PHP, remove filename from URL String

hi, I've got a simple sounding problem here, i want to remove the filename from a URL sting.

Here's where it gets tricky, there are many URL's, all entered by different people, so that's ok, i just loop them, but because they are entered by different people i don't know how they have formatted there URL's.
The only way i can think of getting rid of the filename would be explode the URL on each '/', then remove the last array part if it contained a dot/full-stop.

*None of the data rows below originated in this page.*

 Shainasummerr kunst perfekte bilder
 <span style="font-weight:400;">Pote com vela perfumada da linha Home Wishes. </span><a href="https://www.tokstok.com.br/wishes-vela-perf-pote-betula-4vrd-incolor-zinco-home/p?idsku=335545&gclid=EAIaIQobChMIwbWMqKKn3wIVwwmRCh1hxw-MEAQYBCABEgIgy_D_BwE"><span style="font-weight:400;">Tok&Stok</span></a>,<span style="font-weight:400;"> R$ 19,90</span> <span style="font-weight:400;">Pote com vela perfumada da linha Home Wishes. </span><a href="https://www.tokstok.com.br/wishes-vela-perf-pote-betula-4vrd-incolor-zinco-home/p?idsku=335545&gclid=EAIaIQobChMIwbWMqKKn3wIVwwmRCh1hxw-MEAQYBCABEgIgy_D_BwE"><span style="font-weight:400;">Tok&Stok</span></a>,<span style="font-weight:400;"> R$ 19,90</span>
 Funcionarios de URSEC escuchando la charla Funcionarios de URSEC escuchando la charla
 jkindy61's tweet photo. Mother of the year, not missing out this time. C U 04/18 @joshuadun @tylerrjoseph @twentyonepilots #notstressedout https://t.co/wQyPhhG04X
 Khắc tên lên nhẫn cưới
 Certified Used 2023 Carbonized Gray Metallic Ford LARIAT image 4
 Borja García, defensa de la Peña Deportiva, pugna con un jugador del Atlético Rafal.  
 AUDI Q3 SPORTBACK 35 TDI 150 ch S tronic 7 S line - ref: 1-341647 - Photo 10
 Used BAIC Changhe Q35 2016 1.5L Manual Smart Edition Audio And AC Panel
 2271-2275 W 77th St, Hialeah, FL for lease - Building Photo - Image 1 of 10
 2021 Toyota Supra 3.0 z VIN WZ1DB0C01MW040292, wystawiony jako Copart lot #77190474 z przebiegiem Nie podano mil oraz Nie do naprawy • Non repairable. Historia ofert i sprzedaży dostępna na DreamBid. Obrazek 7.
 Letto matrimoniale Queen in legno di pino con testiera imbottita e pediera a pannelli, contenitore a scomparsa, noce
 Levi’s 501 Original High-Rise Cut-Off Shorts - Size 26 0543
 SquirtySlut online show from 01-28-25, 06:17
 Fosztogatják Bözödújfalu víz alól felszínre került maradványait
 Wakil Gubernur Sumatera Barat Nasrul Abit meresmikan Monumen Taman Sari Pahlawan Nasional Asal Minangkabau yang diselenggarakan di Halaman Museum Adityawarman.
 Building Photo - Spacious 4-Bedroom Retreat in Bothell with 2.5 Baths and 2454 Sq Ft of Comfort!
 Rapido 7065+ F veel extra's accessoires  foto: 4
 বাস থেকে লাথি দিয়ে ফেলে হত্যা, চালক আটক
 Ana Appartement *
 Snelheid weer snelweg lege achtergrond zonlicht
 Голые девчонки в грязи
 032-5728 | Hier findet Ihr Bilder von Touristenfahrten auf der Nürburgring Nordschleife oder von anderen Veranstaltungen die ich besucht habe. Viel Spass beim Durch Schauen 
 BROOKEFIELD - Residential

However, i have seen many folders which have full stop in them, and if a file in that folder was not specified it would confuse that folder for a file, which would break the system later on.
All i can think from here is to create a large array of file extensions to check against the last few letters of the string to find out if its a file or not, but i wondered if there was a better way than this.

Any suggestions?
<?php

$urls = array(
	'http://www.website.com', // domain only, no trailing slash, index file requested
	'http://www.website.com/', // domain only, inc. trailing slash, index file requested
	'http://www.website.com/file.php', // domain + file 
	'http://www.website.com/folder', // domain + folder, no trailing slash 
	'http://www.website.com/folder/', // domain + folder, inc. trailing slash 
	'http://www.website.com/folder/file.html', // domain + folder + file 
	'http://www.website.com/folder/another_file.gif', // domain + folder + file (almost any file extention could be refferenced)
	'http://www.website.com/folder/folder.with.dots', // domain + folder + another folder (and the sub folder could contain dots/fullstops, in the same way that the domain could conatin dots, or any level of folder)
	'http://www.website.com/folder/folder.with.dots/', // again, but witha trailing slash
	'http://www.website.com/folder/folder.with.dots/file.html' // and after this folder with the dots in it, with a file inside refferenced
);

echo "<pre>\n";

foreach($urls as $url) {
	
	// parse url
	$url_info = parse_url($url);
	$domain = $url_info['scheme'] .'://'. $url_info['host'];
	$url_minus_filename = $domain . $url_info['path'];
	
	// echo out the results 
	echo "Test URL: \t\t{$url}\n",
		 "Domain: \t\t{$domain}\n",
		 "Removed Filename: \t{$url_minus_filename}\n",
		 "\n";
}

?>

Open in new window

LVL 6
stilliardAsked:
Who is Participating?
 
Beverley PortlockCommented:
What about using a regex and restricting it to certain file extensions?
<?php

$urls = array(
     'http://www.website.com', // domain only, no trailing slash, index file requested
     'http://www.website.com/', // domain only, inc. trailing slash, index file requested
     'http://www.website.com/file.php', // domain + file 
     'http://www.website.com/folder', // domain + folder, no trailing slash 
     'http://www.website.com/folder/', // domain + folder, inc. trailing slash 
     'http://www.website.com/folder/file.html', // domain + folder + file 
     'http://www.website.com/folder/another_file.gif', // domain + folder + file (almost any file extention could be refferenced)
     'http://www.website.com/folder/folder.with.dots', // domain + folder + another folder (and the sub folder could contain dots/fullstops, in the same way that the domain could conatin dots, or any level of folder)
     'http://www.website.com/folder/folder.with.dots/', // again, but witha trailing slash
     'http://www.website.com/folder/folder.with.dots/file.html' // and after this folder with the dots in it, with a file inside refferenced
);

echo "<pre>\n";

$pattern = '~^.+/([^/]+)\.(html|htm|php|js|gif|jpg|png)$~';

foreach($urls as $url) {
     
     if ( preg_match( $pattern, $url, $matches ) > 0 ) {
          
          echo "$url - filename part is {$matches[1]}.{$matches[2]}<br/>";
     }
     


}

?>

Open in new window

0
 
stilliardAuthor Commented:
@bportlock, Cheers, similar to the explode idea in that it requires an array or pattern of file extensions,  i had but i like that the regex keeps it much shorter!
Now just need to go through and add in all file extensions the urls could be for this application.
0
 
Beverley PortlockCommented:
Your only other option is to convert the URL paths into filesystem paths and then use is_file() but that seems a bit messy.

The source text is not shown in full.